Muito antes do coronavírus, os políticos democráticos brasileiros já evitavam apertar as mãos uns dos outros. Preferiam se ligar aos políticos de direita a fazer alianças entre si pelas reformas que o Brasil precisava. Preocupados mais com a próxima eleição do que com o país, concentraram-se na disputa por eleitores. Aproveitando-se disso, políticos conservadores tentam agora manipular a população contra o Congresso Nacional e a democracia.
Quem se lembra da história percebe que assistimos à repetição de uma tragédia: o descontentamento da população com os parlamentares, a polarização de forças políticas que não dialogam, a ligação da esquerda com a corrupção, um país sem coesão nem rumo e sem inspiração para o futuro e o esgotamento do modelo de desenvolvimento depredador da natureza, concentrador da renda e dependente de recursos do Estado. Falta só um catalisador para levar milhões às ruas, e ele pode surgir a qualquer momento.
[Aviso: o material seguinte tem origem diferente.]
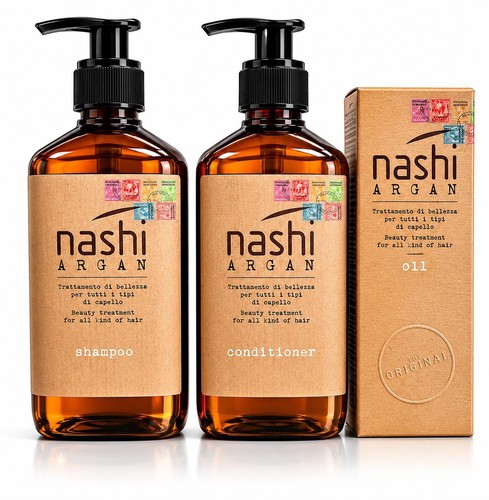 Nashi argan shampoo 500ml - argan,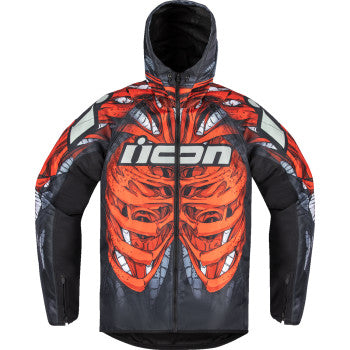 Icon Airform Manik'r Jacket Red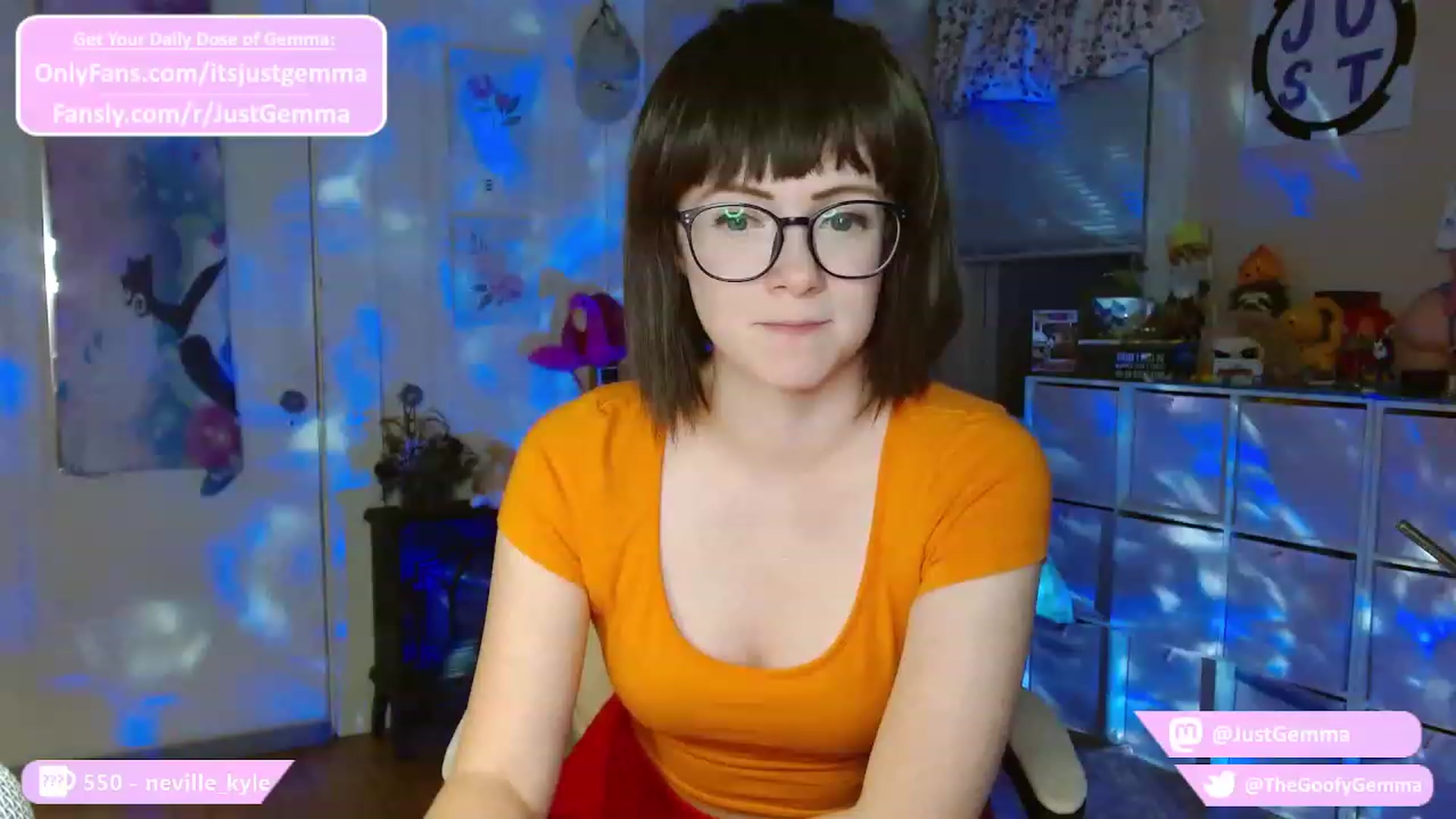Gallery image thumbnail from JustGemma's myfreecams stream on, 10/07/2023, 24:46 image 14 of 20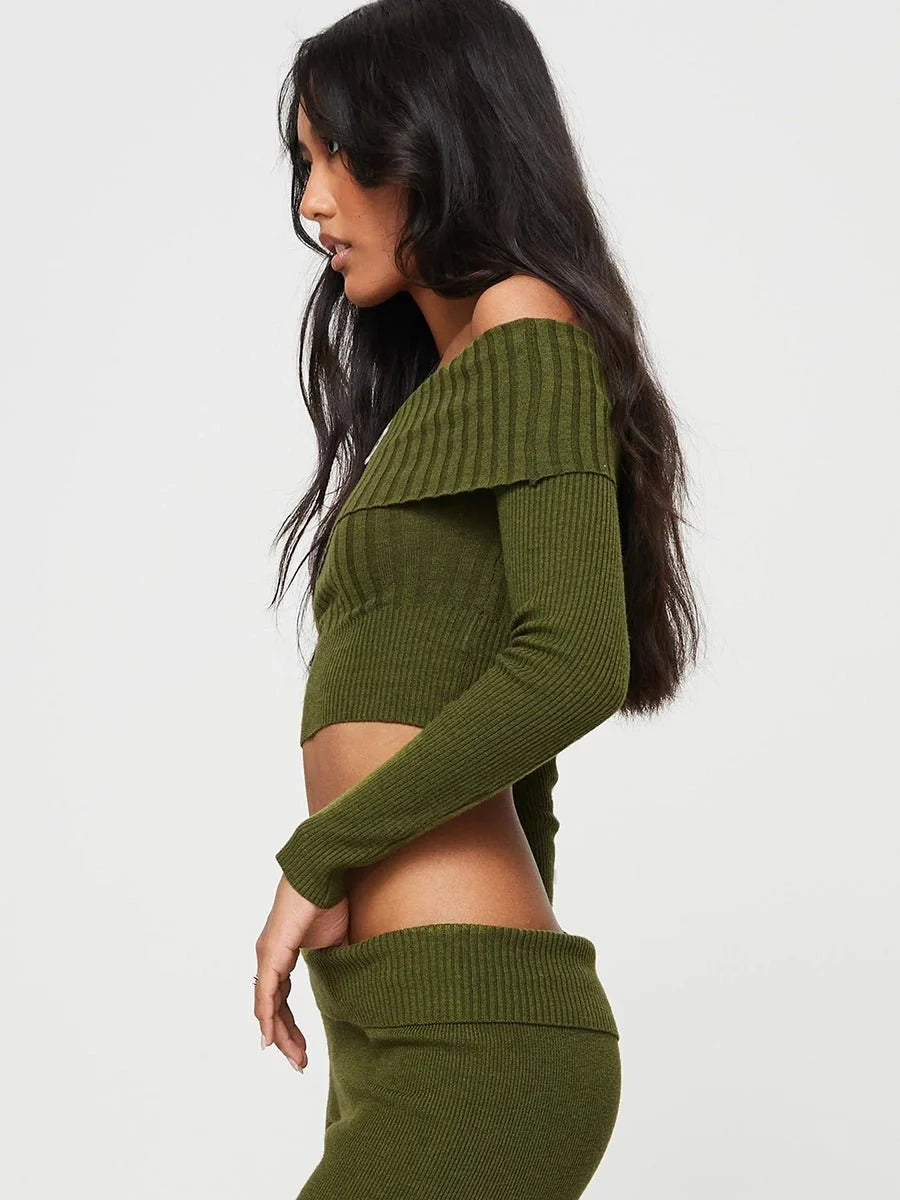 Chanda Knitted Sweater: Cozy Winter Must-Have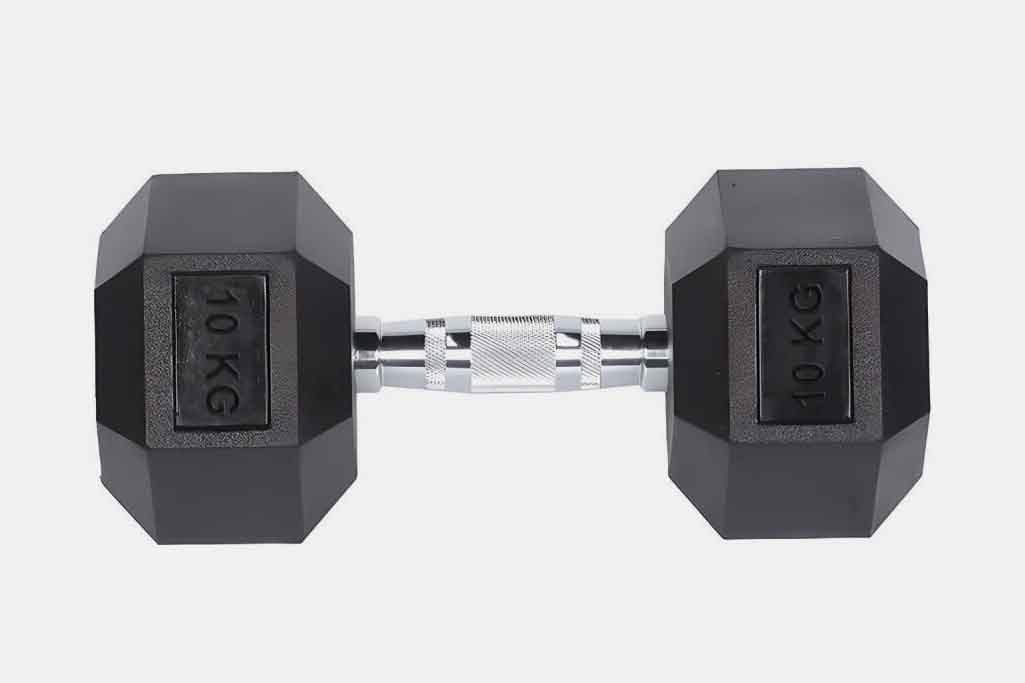 Helix Dambıl Kauçuk HX-10 10kg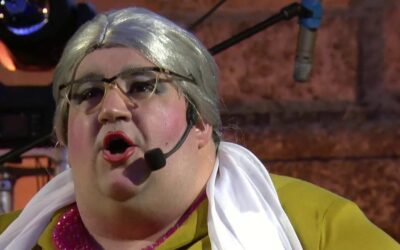 Terme Vigliatore. Un”abbuffata’ di risate con Carmelo Caccamo nella ‘Signorina Santina’ al Batuca Village & Camping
Se realmente querem barrar o risco de um governo autoritário, os líderes democrata-progressistas deveriam manifestar unidade, construindo um pacto pela ética, pela responsabilidade na política e pelas reformas. Em 1964, os que disputavam entre si, pensando na eleição de 1966, foram presos, cassados, exilados, jogando o país no abismo da ditadura. Ainda é tempo de evitar que a tragédia se repita.
Seria necessário um acordo histórico. Líderes democratas e progressistas deveriam reconhecer o erro da divisão e da tolerância com privilégios que têm caracterizado a política brasileira. Sem que reconheçam isso, o eleitor é capaz de se submeter às manipulações dos que desejam fechar Congresso e STF. Uma ditadura será produto da direita, mas terá sido construída ao longo de 26 anos por nossos governos democráticos e populares.
Apesar das boas coisas feitas entre Itamar e Temer, passando por Fernando Henrique, Lula e Dilma, nós ainda deixamos o país com pobreza, concentração de renda, analfabetismo, baixa produtividade, educação entre as piores do mundo, recessão, desemprego e sem saneamento. Não fizemos as reformas e ainda ampliamos privilégios. Deixamos a política como sinônimo de corrupção.
Não haverá apoio à democracia se os políticos não definirem estratégias para que o Brasil tenha o filho do pobre em escola tão boa quanto a do rico; toda casa tenha saneamento; o real permaneça estável; nossas florestas e rios fiquem protegidos; a população tenha acesso a serviços públicos de qualidade; e o Estado esteja comprometido com interesses do público.
É preciso barrar qualquer golpe à democracia. Para isso, é necessário convencer o povo a defendê-la. Mostrar que os democratas estão unidos, reconhecendo seus erros, propondo-se a moralizar o serviço público e reformar o Brasil para sintonizá-lo com a realidade do mundo em transformação em que vivemos.